Generating a new secret
If you generate a new secret the previous one will be active for 48 hours.
Option Automatically link existing users at login
If this option is enabled, DocuWare searches for a matching existing DocuWare user with the corresponding username and email address the first time a user logs on with single sign-on. The DocuWare username must match the local part (first part before @) and the DocuWare email address must match the complete username in Active Directory.
Only when the username AND email address match, can the Active Directory user account and DocuWare user account be connected.
Example:
Username: peggy.jenkins@peters-engineering.net
DocuWare username: peggy.jenkins
DocuWare Email address: peggy.jenkins@peters-engineering.net
It is not necessary to create DocuWare users via the User Synchronization app in order to use single sign-on. Even if you create new users manually or import them via an interface, the external user account and the DocuWare account are automatically synchronized.
Once a user has been assigned, the user is recognized from this point through an external object ID. This means that even if the email address and/or username no longer match, the user will still be recognized.
Security settings for logout with single sign-on
In Azure Active Directory there are some default settings that DocuWare customers or their administrators may not be aware of.
Default setting for persistence of browser sessions
When browser session persistence is enabled, users can choose on their personal devices whether to continue the session after successful authentication with a Stay signed in? prompt. When users confirm the option, it is no longer possible to simply log out of an application. The single sign-on token is not invalidated or deleted and remains valid for other applications.
This is a security risk. For example, if you log on and off from an Internet cafe using Single Sign-on in DocuWare Cloud, you will still be logged on to Microsoft. The next user on the computer could access all connected systems.
Default setting for the validity period of tokens
The risk is aggravated by the fact that the tokens for the Stay signed in option are valid for 90 days by default for devices (with unchanged default setting).
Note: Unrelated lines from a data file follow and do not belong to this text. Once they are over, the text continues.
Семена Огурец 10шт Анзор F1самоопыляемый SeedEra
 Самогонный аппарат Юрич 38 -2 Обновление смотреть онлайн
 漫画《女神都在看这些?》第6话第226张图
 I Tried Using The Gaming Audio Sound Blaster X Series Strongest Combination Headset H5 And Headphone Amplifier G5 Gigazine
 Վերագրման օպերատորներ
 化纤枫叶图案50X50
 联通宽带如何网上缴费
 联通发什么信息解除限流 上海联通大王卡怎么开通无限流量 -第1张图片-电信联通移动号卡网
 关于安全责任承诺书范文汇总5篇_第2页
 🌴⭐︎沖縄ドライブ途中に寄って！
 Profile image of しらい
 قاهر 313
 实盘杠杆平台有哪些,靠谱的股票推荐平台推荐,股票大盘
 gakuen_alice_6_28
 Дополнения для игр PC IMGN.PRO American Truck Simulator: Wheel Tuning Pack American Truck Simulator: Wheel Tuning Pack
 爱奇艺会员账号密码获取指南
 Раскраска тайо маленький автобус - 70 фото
For applications even up to 180 days (depending on the configuration settings).
DocuWare therefore recommends the following measures:
Follow the Azure Active Directory guidelines for conditional access to control the lifetime of session tokens.
In Azure Active Directory, define the sign-in frequency option for DocuWare.
Disable the option for persistent browser sessions.
Remove the Stay logged in option from the Microsoft Logon dialog
Information on these measures can be found in the next section.
Notes on configuring logout security settings
The persistence of browser sessions is extensively documented by Microsoft.
Summary
"Conditional Access" describes the concept of login policies in Azure Active Directory. The policies can be used to configure the validity of a token.
For example, a token consists of an account, a client (device) and a resource. Instead of configuring the validity period of the token, you use policies to define the frequency of login, that is, the intervals at which users must re-authenticate when using a particular resource. For critical applications, users often need to re-logon, while tokens for less critical resources are valid for longer.
This feature can be integrated into applications that implement the OAUTH2 or OIDC protocol.
Another important aspect of this security concept is the management of "stay-signed-in" functionality. While extended session validity is useful for mobile or thick applications, it is not suitable for use cases where the client functionality is provided by a Web application.
To prevent the access control policies described above from being overridden by the stay-signed-in settings, it is advisable to disable this functionality by setting the persistent browser session configuration to Never persistent.
Additionally, the option to select stay-signed-in can be removed from the Login with Microsoft dialog box in the Add branding to your organization's sign in page settings.